INSTRUCTIONS TO FOLLOW: What you return must match the records exactly, except that the pictures are gone.

Captioned web image data
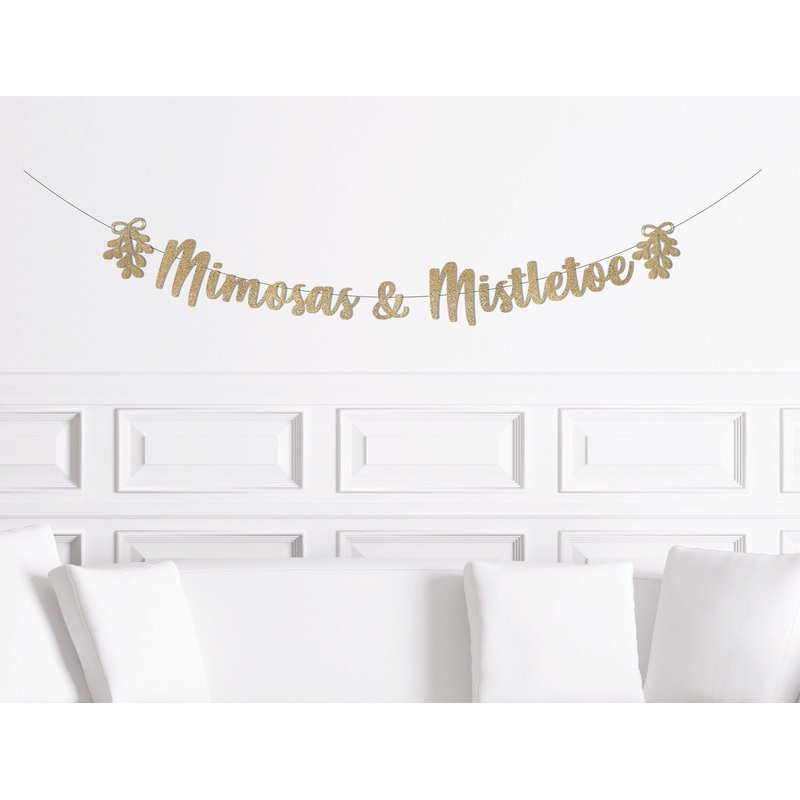 Winter Bridal Shower Decorations, Mimosas and Mistletoe Banner Sign, Christmas Bridal Brunch Decor, December Wedding Shower Supplies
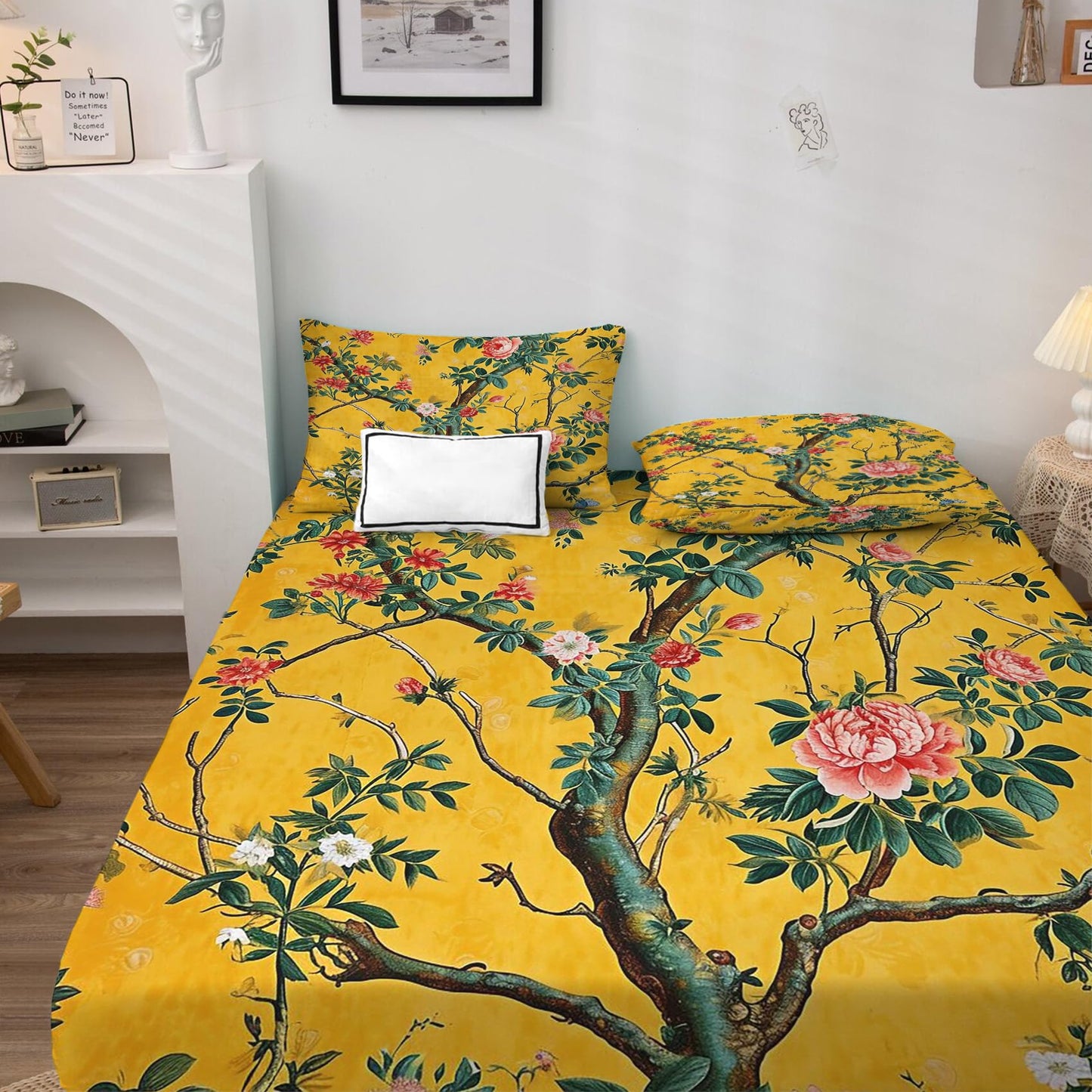Chinoiserie Flower Sheets Queen Size, Floral Tree Bed Sheets, Yellow Patterned Bedding Sheets & Pillowcases 4 Piece Set - Soft Microfiber Deep Pocket Fitted Sheet & Flat Sheet & 2 Pillow Cases L&n-19
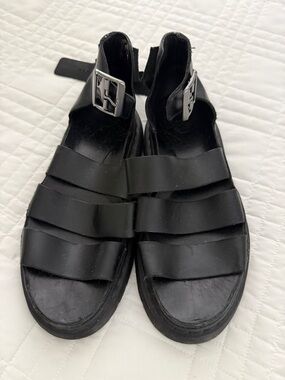 Dr. Martens Black Triple-Strap Leather Sandals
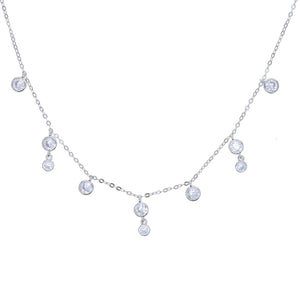 925 Silver CZ Station Link Chain Necklace for Women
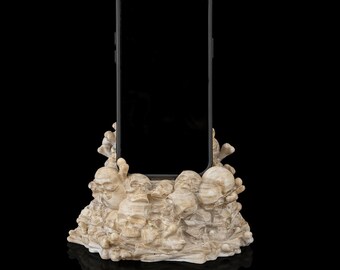 Gothic Skull Phone Holder Stand, 3D Printed Bone Pile Desk Dock, Spooky Halloween Decor, Horror Gift, Dark Aesthetic Phone Rest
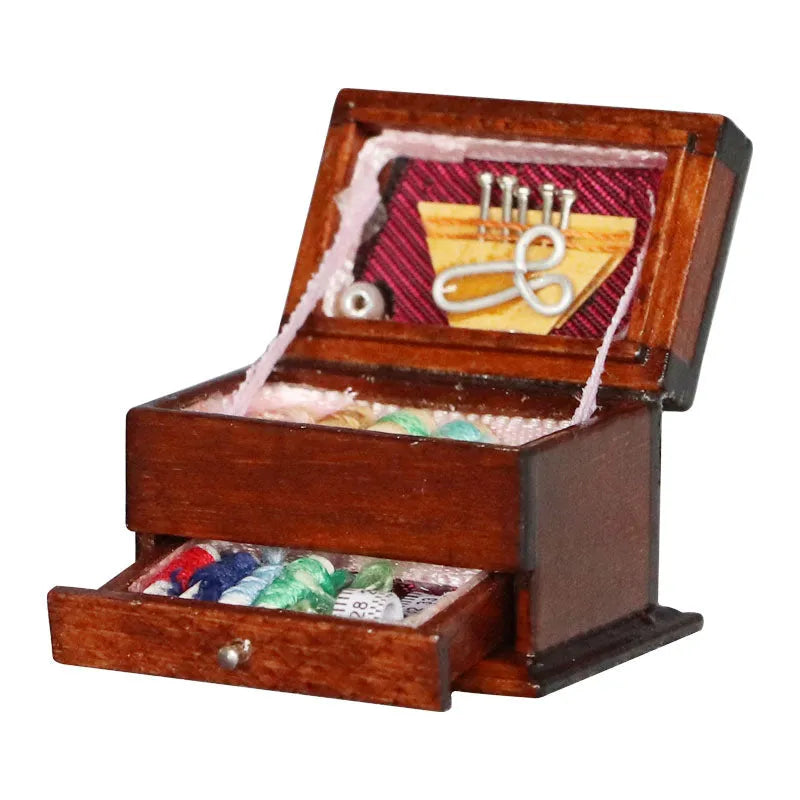 Miniature European-style wooden sewing box ornament with birch construction measuring 2.2cm by 3.4cm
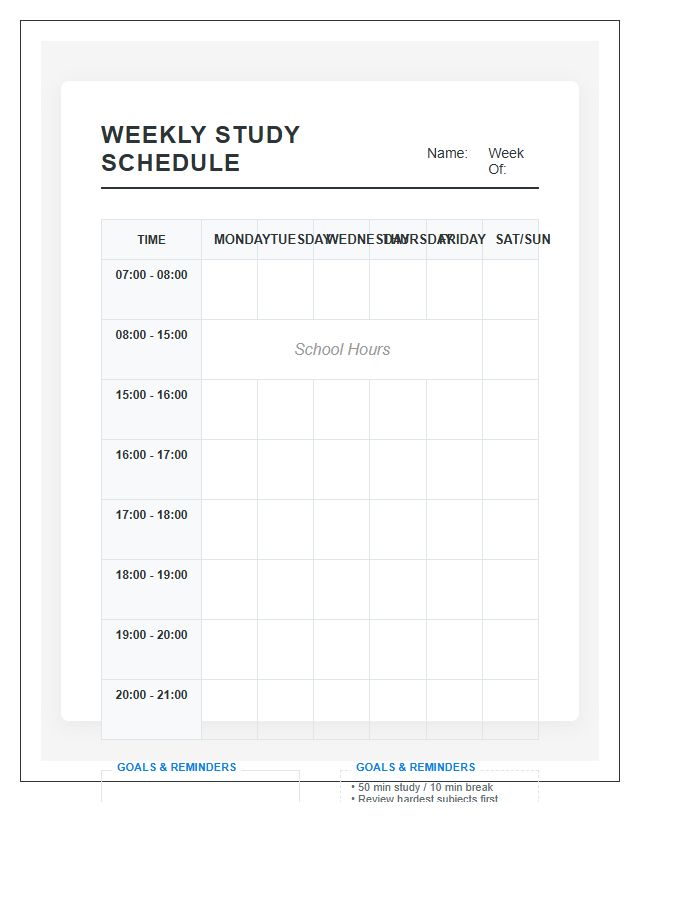 High School Weekly Study Schedule Printable Chart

THE COMPLETED TASK:
 Winter Bridal Shower Decorations, Mimosas and Mistletoe Banner Sign, Christmas Bridal Brunch Decor, December Wedding Shower Supplies
Chinoiserie Flower Sheets Queen Size, Floral Tree Bed Sheets, Yellow Patterned Bedding Sheets & Pillowcases 4 Piece Set - Soft Microfiber Deep Pocket Fitted Sheet & Flat Sheet & 2 Pillow Cases L&n-19
 Dr. Martens Black Triple-Strap Leather Sandals
 925 Silver CZ Station Link Chain Necklace for Women
 Gothic Skull Phone Holder Stand, 3D Printed Bone Pile Desk Dock, Spooky Halloween Decor, Horror Gift, Dark Aesthetic Phone Rest
 Miniature European-style wooden sewing box ornament with birch construction measuring 2.2cm by 3.4cm
 High School Weekly Study Schedule Printable Chart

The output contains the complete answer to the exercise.